TLDRs;
- Adobe forecasts 520% growth in AI-powered online shopping traffic for the 2025 holiday season.
- Despite strong forecasts, Adobe (ADBE) shares remain down 21.26% YTD amid investor caution.
- Figma’s IPO success and market growth add pressure to Adobe’s creative software dominance.
- Subscription model and AI investments continue to underpin Adobe’s long-term growth outlook.
Adobe Analytics expects the 2025 U.S. holiday shopping season to be one of the most digitally driven yet, thanks to a sharp rise in artificial intelligence use among consumers.
The company projects online sales to hit US$253.4 billion, representing a 5.3% year-over-year increase. More notably, Adobe predicts AI-assisted shopping traffic will skyrocket by 520%, as consumers increasingly turn to generative AI tools for product recommendations, personalized deals, and shopping assistance.
According to the analytics report, Cyber Monday will remain the largest online shopping day, reaching an estimated US$14.2 billion in sales, a 6.3% annual rise. Black Friday follows closely with a projected US$11.7 billion, up 8.3%, while Thanksgiving Day spending is expected to reach US$6.4 billion, marking a 4.9% increase.

The surge is being driven by steeper discounts averaging 28% off, higher mobile spending, and a continued shift toward “buy now, pay later” options, now a key driver of holiday purchases across the U.S.
Despite AI Boom, Stock Remains Down
While Adobe’s data highlights booming demand for AI-powered shopping, its own stock performance tells a different story. As of October 6, Adobe Inc. (NASDAQ: ADBE) closed at $350.14, up slightly by 0.98% on the day, but still down 21.26% year-to-date.

The muted market reaction underscores investor caution despite the company’s recent financial strength. Adobe raised its fiscal 2025 revenue outlook last month, now expecting US$23.7 billion in annual revenue and adjusted EPS of up to US$20.9, surpassing prior guidance.

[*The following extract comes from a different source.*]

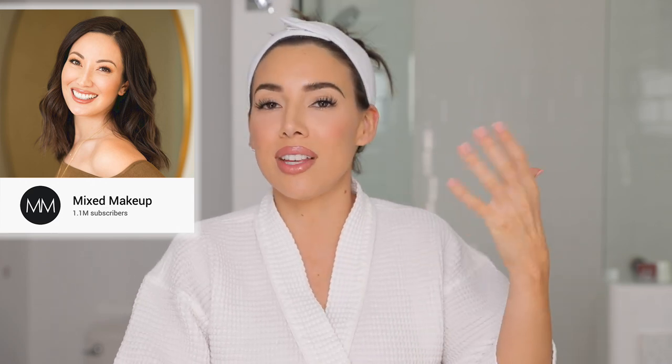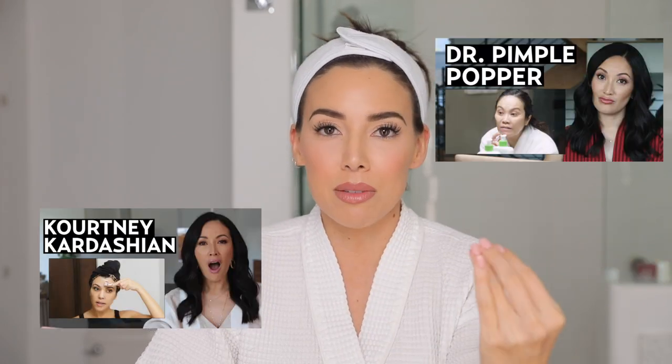I'm a little bit nervous filming this video because Susan from Mixed Makeup is actually going to be reacting to my skincare routine — what she likes, what she thinks I could improve on, what she doesn't like. I'm sure you guys have seen her videos where she reacts to people's skincare routines, breaks them down, and goes deep into detail about the products and techniques they're using. I'm excited because I feel like this is going to be a really good learning experience. When I upload this video, Susan's going to be uploading her reaction video on her channel too, so make sure you go check it out.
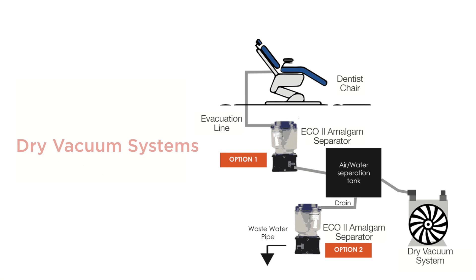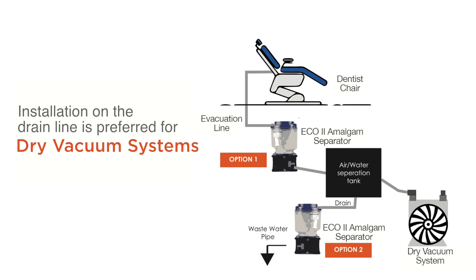For dry vacuum systems, the Eco2 can be installed before the pump or after the air water separation tank on the drain line. Installing the Eco2 on the drain line is preferred for dry vacuum systems.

Quarterly results also exceeded expectations, with Q4 revenue projected at US$6.1 billion, slightly above analyst estimates.
Even so, the stock’s sluggishness reflects a broader skepticism about growth sustainability, especially as competition intensifies in the AI and design software space.
Figma’s Rise Adds Competitive Pressure
A key factor behind Adobe’s recent share weakness is the resurgence of Figma, a rival in the collaborative design software market. After Adobe’s failed $20 billion acquisition attempt, Figma went public in early 2025 with a $17.84 billion valuation and reported 46% year-over-year growth, pulling market share away from Adobe XD.
Currently, Figma holds 10.88% of the design software market, compared to Adobe XD’s 5.66%. Its successful IPO underscored the strength of independent, cloud-based design platforms, a trend that has challenged Adobe’s traditional dominance.
Investors appear to be weighing Adobe’s strong fundamentals against the risk of losing creative market share, even as it pivots aggressively into generative AI through its Firefly platform.
Subscription Model Fuels Long-Term Resilience
Despite short-term volatility, Adobe’s long-term trajectory remains anchored in its subscription-based Creative Cloud model.
The shift from one-time software sales to recurring revenue has proven to be a stabilizing force, driving consistent cash flows and supporting ongoing innovation in AI.
Since transitioning to this model, Adobe’s revenue has grown from US$3.5 billion in 2010 to over US$11 billion by 2019, achieving a compound annual growth rate of 10.8%. The company maintains healthy profit margins near 29%, enabling continued investment in new technologies like generative imaging and automated design tools.